• Try it: Given the entries below, would you transcribe exactly the lines starting at the one with "Almofada de assento" and ending at the one with "Retro wandlamp brons 40cm incl. LED - Coco", both kept, pictures omitted, nothing extra?

• Records supplied:
* * * *
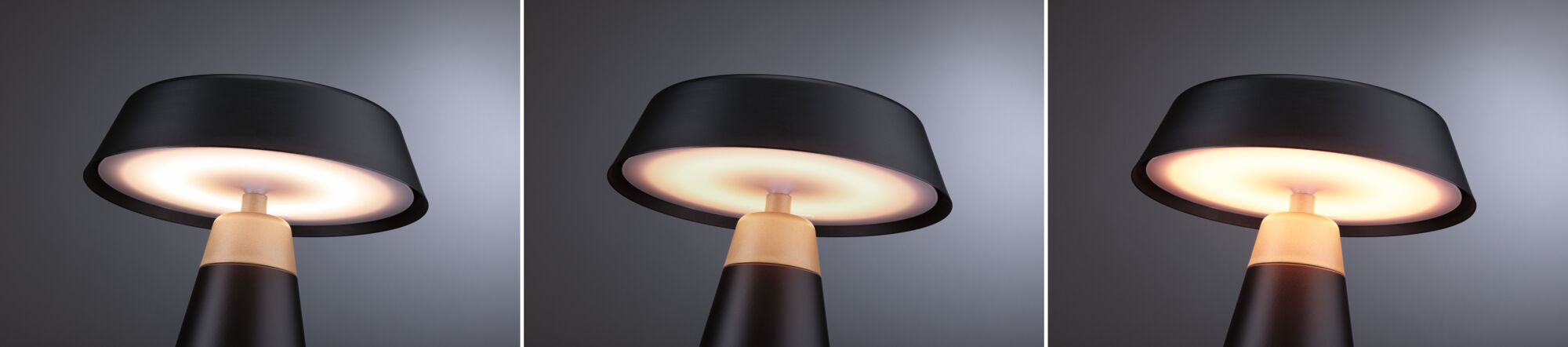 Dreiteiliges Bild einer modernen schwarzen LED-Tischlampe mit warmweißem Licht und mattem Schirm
* * * *
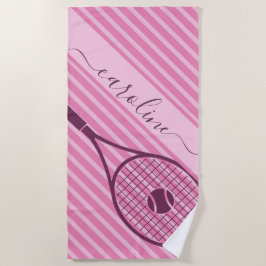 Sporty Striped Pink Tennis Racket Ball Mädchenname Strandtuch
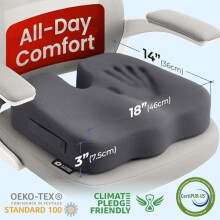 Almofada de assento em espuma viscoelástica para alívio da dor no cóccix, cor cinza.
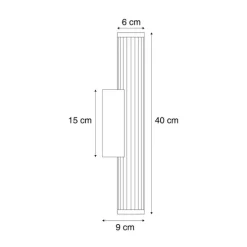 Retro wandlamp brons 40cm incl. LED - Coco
* * * *
• Task output:
 Almofada de assento em espuma viscoelástica para alívio da dor no cóccix, cor cinza.
 Retro wandlamp brons 40cm incl. LED - Coco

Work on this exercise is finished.